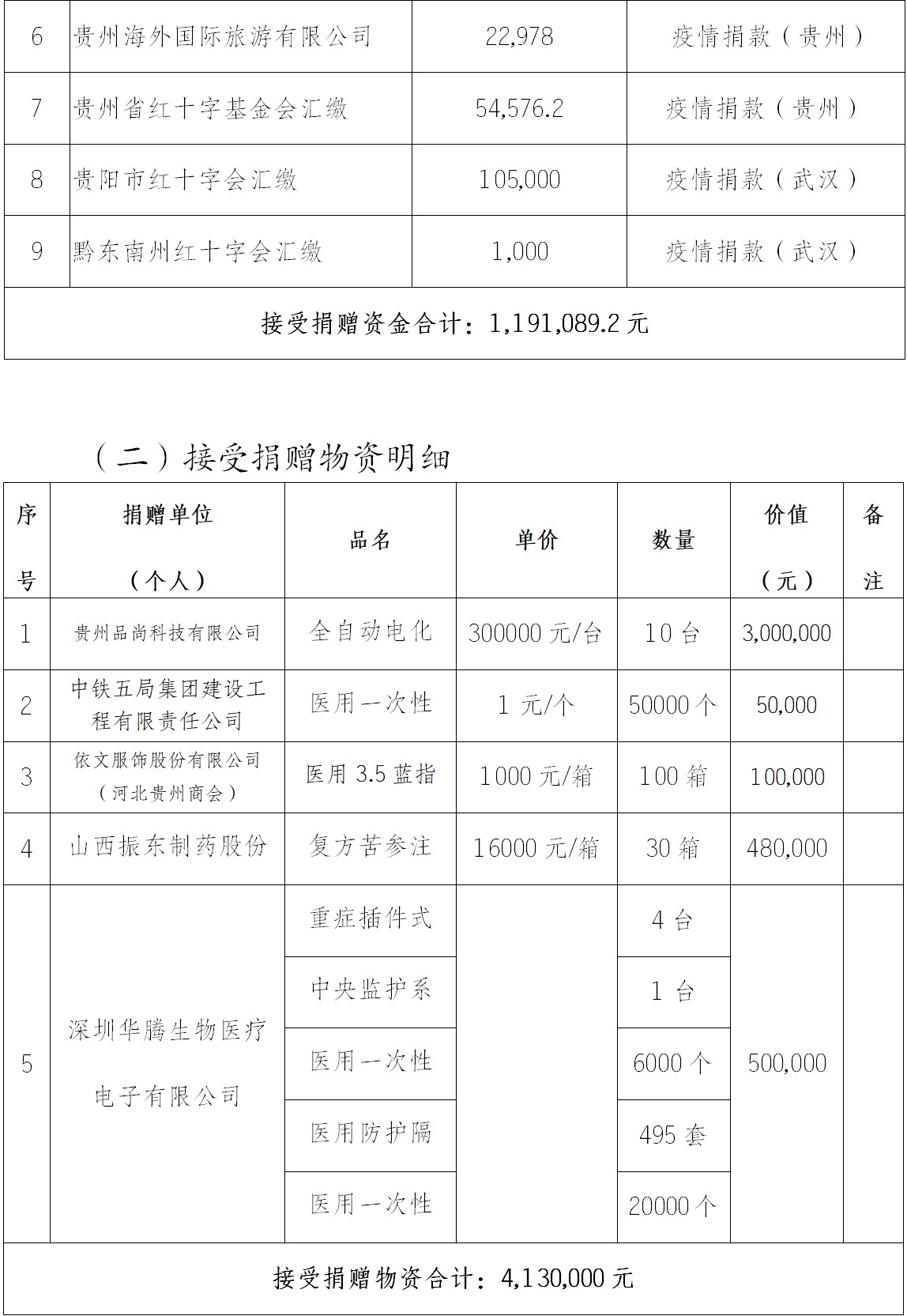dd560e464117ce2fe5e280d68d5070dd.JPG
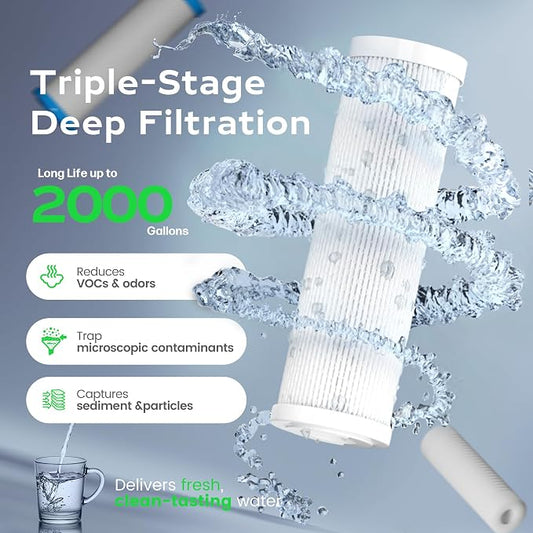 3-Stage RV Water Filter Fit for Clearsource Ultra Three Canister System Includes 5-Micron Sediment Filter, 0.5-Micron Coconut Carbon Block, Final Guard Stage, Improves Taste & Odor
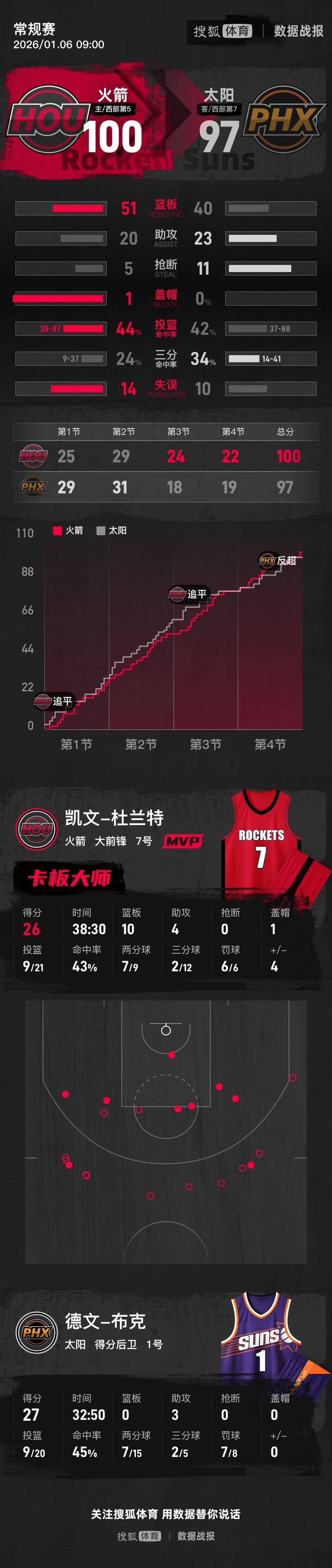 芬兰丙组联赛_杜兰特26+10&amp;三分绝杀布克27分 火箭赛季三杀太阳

Directions for this task
An exact repeat of all the data is required, pictures excluded.

Response to the task
dd560e464117ce2fe5e280d68d5070dd.JPG
 3-Stage RV Water Filter Fit for Clearsource Ultra Three Canister System Includes 5-Micron Sediment Filter, 0.5-Micron Coconut Carbon Block, Final Guard Stage, Improves Taste & Odor
 芬兰丙组联赛_杜兰特26+10&amp;三分绝杀布克27分 火箭赛季三杀太阳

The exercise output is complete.